High School Sports

Former Columbus High star ready for shot at Olympic trials

Megan Clark set an ACC record in the pole vault at the 2016 Duke Invitational on April 23, 2016. She cleared 4.63 meters (15-feet, 2 1/4 inches).
Megan Clark set an ACC record in the pole vault at the 2016 Duke Invitational on April 23, 2016. She cleared 4.63 meters (15-feet, 2 1/4 inches). Duke Photography

The Columbus area may have some Olympic ties once the track and field portion of the 2016 Summer Games get going in Rio de Janeiro next month.

Megan Clark, a 2012 graduate of Columbus High School and graduate of Duke University this past spring, is one of the favorites in the upcoming Olympic trials in track and field. She will compete on Friday at Hayward Field on the University of Oregon campus in Eugene in the pole vault.

“Columbus High really prepared me for my transition to Duke,” Clark said. “It’s a very challenging school, and the curriculum helped me prepare for that. The track program at Columbus is really flexible, too. They actually allowed my mom to coach me as well as a couple of other vaulters at Columbus. They were very welcoming and flexible, so I could continue to train at a high level.”

Like many others in Columbus, the Army brought her to the area via her father being stationed at Fort Benning.
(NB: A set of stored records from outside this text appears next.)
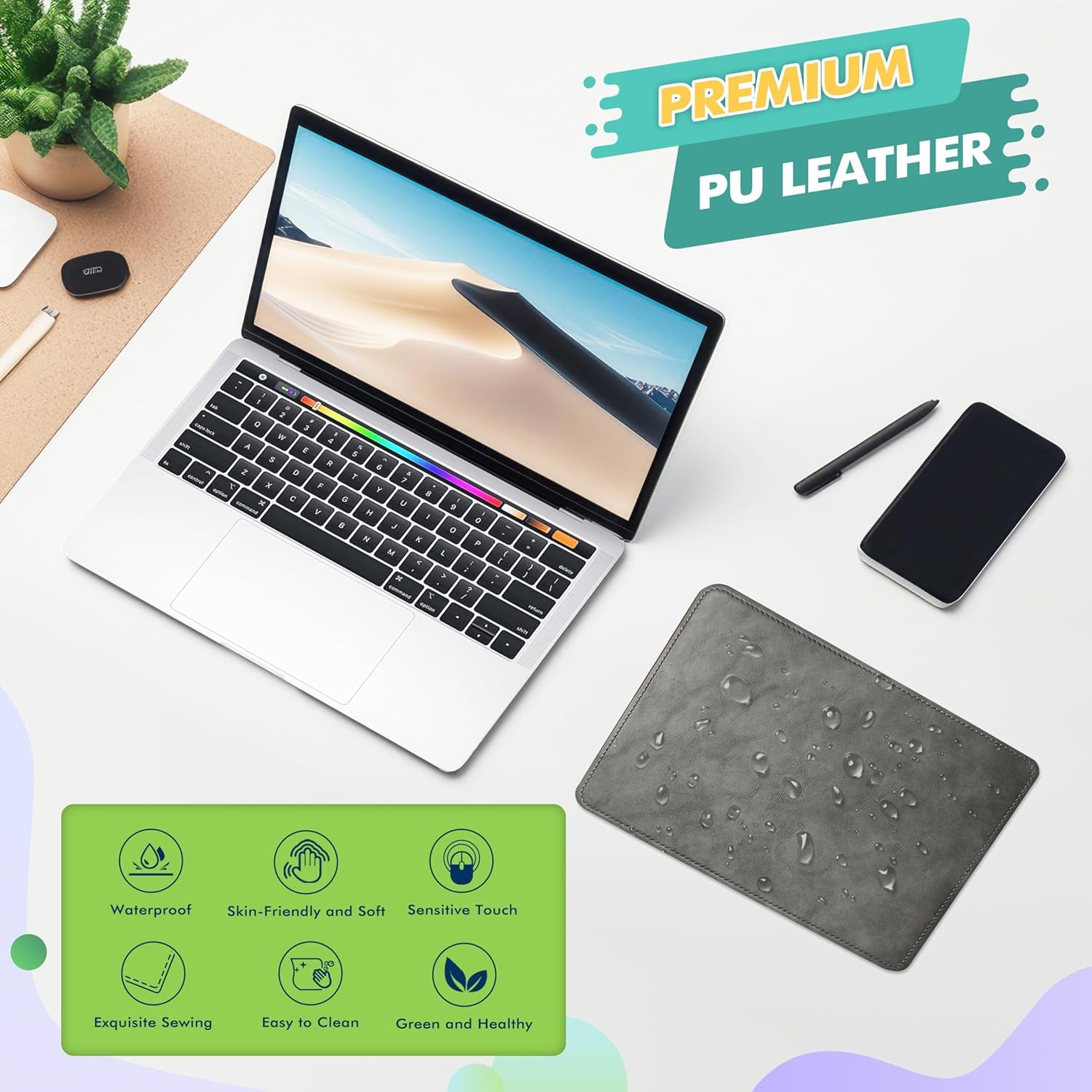 PU Leather Mouse Pad with Stitched Edge Micro-Fiber Base and Non-Slip Waterproof - 8X11Inch (Gray) for Computers and Laptops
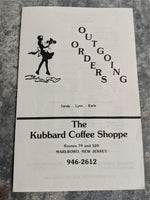The KUBBARD Coffee Shoppe Outgoing Orders Take-Out Menu Marlboro New Jersey
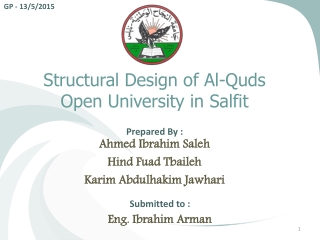 Structural Design of Al- Quds Open University in Salfit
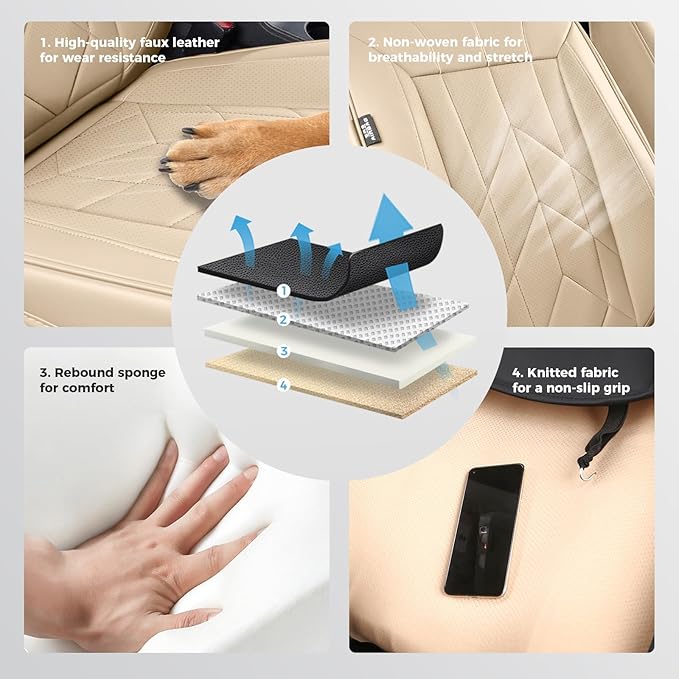 Beige Car Seat Covers Full Set - Image 6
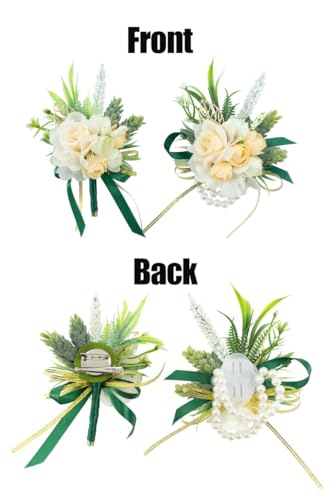 2 Pcs Wrist Corsage and Boutonniere Set, Champagne Corsage for Wedding, Boutonniere for Men Artificial Rose Flower Wristlet Bracelet Prom Ceremony Anniversary Accessories Decor Suit - color: Champagne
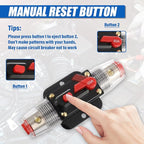 BOJACK 60A Audio Inline Circuit Breaker Reset Fuse Holder 12-24V DC Manual Reset Fuse Holder 3-15 AWG Overload Protection for Car Audio Sound Amplifier System RV Marine Boat Truck Solar Inverter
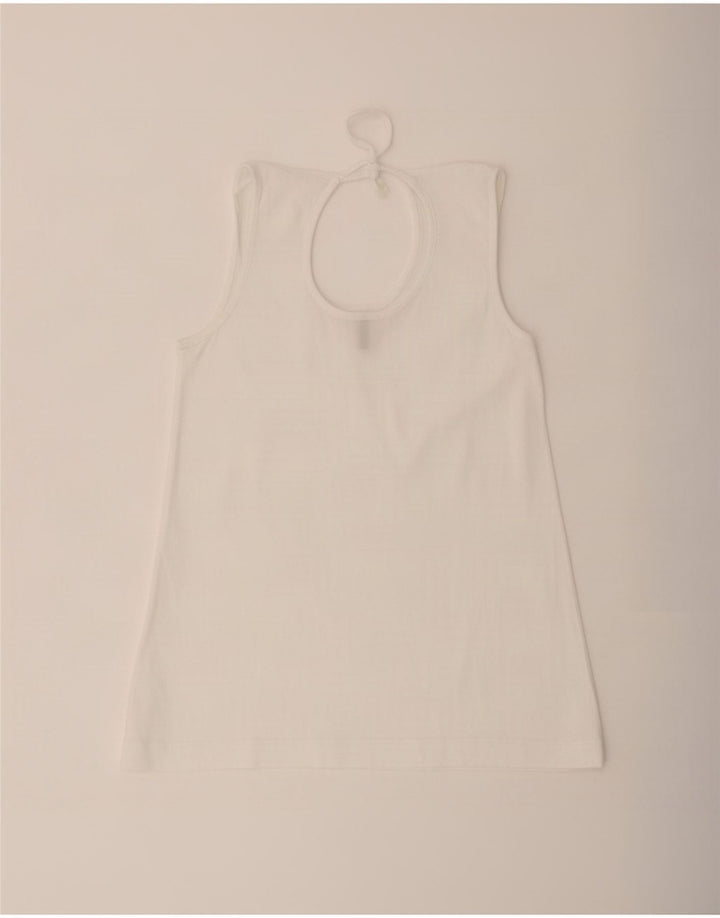 Benetton Chemisier sans manches pour femme UK 42 Blanc moyen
The transition into Columbus was easier than most, according to Clark.

“I went to three different high schools, but before I moved to Columbus, I was already on the competitive cheer team there,” she said. “Being able to come to school and have a group of friends already and be on a team and be a part of the community was a really big deal for me.”

Clark has already had a highly decorated career in the sport. She set a Georgia High School Association Class 3A record her senior year at Columbus in 2012 with a 12-foot, 2-inch vault. This past fall, the Duke University senior added an Atlantic Coast Conference record to her collection with a vault just over 15 feet, 2 inches, the third-best mark in NCAA outdoor track and field history. She was also named the ACC Women’s Field Performer of the Year.

Clark says that the training is quite rigorous for the sport.

“It’s so much work,” she said. “We do Olympic lifting three hours a week, we sprint two to three times a week, and we vault two or three times a week. We spend all fall doing endurance training and a longer distance sprint just to build the base there. It takes a lot of coordination, a lot of upper body strength, and a lot of Kinesthetic awareness, so we spend a lot of time also doing gymnastics and things other than the vault itself.”

Besides the physical aspect of vaulting, the timing and technical aspect of planting the pole at the right time to maximize the height of the vault is something that takes years and repetition to achieve.

“I’m still learning how to do that,” Clark said with a laugh. “It’s absolutely experience. I’ve been vaulting for eight years now, so I learned a lot along the way and technically, I’ve made a lot of progress. It gets easier as you go. Some of the best vaulters in the world are in their 30s because it’s very technical; it takes a lot of practice and a lot of skill.”

After graduation from Duke, Clark has had time to focus for what will prove to be a whirlwind summer. After the Olympic trials in Oregon, she will head to El Salvador for the North American, Central American and Caribbean outdoor track and field championships.

“This is one of the few big meets where I have three weeks of training before,” Clark said. “It’s been really great just taking the time and focusing on just training and not having to compete every weekend. I’ve done a lot of mental training with our sports psychologist, and I think I’m ready.”

Her biggest supporters of all, her brother and parents, will be by her side as she gets ready to qualify for a spot on the big stage in Rio next month.

“My parents actually live in the U.K. right now, so it’s been very different with them for the past two weeks, but they’re doing everything they can to be there,” Clark said. “My brother’s going to the Olympic trials, since he’s interning in Seattle right now, so Team Clark is very much in support of it. They’re very excited about it. It’ll be a pretty exciting summer.”